Are there potentially ‘sharp edges’ to {nadir} worth knowing about?

Yes! Though nadir tries to make the process user-friendly, there may be unexpected behaviors if you use it outside its design-scope and tested functionality.

For example, nadir and its learners are so far only built to handle regression formulas where the left-hand-side appears as a column name of the data passed in. That means transformations of the outcome variable implied through the formula are not supported. Our advice is that if you want to transform the outcome variable, you should store that in a column in your data and run super_learner() using that column name in your formula(s).

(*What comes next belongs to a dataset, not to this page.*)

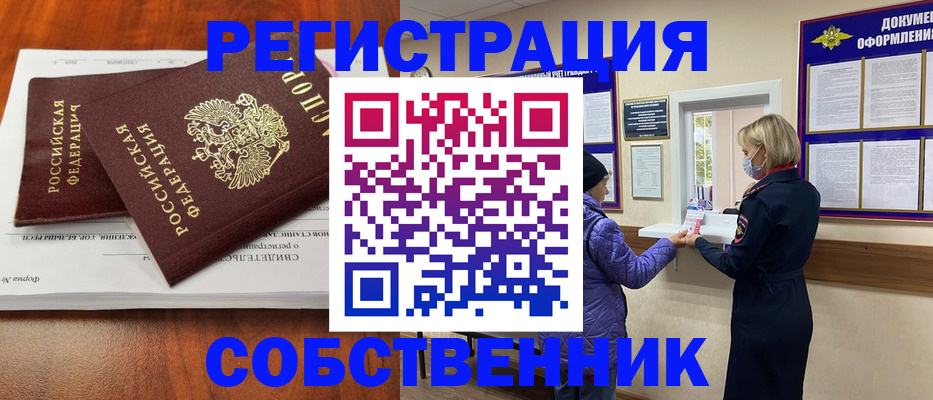 временная регистрация недорого в Новомосковске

Another sharp-edge is around the meta-learning step. For example, predicting continuous outcomes, one should specify to super_learner() that outcome_type = 'continuous' (the default) so that non-negative least squares is used to minimize a linear combination of the candidate learners based on held-out mean squared error for the loss function. Additionally, by setting outcome_type = 'binary' or outcome_type = 'density' the negative log likelihood / negative log predicted density are used respectively as loss functions. In each of these cases, these defaults translate to setting the determine_weights_for_super_learner function argument appropriately to one of determine_super_learner_weights_nnls(), determine_weights_for_binary_outcomes, determine_weights_using_neg_log_loss. These loss functions are selected based on work in the loss based estimation literature, especially1 2 3.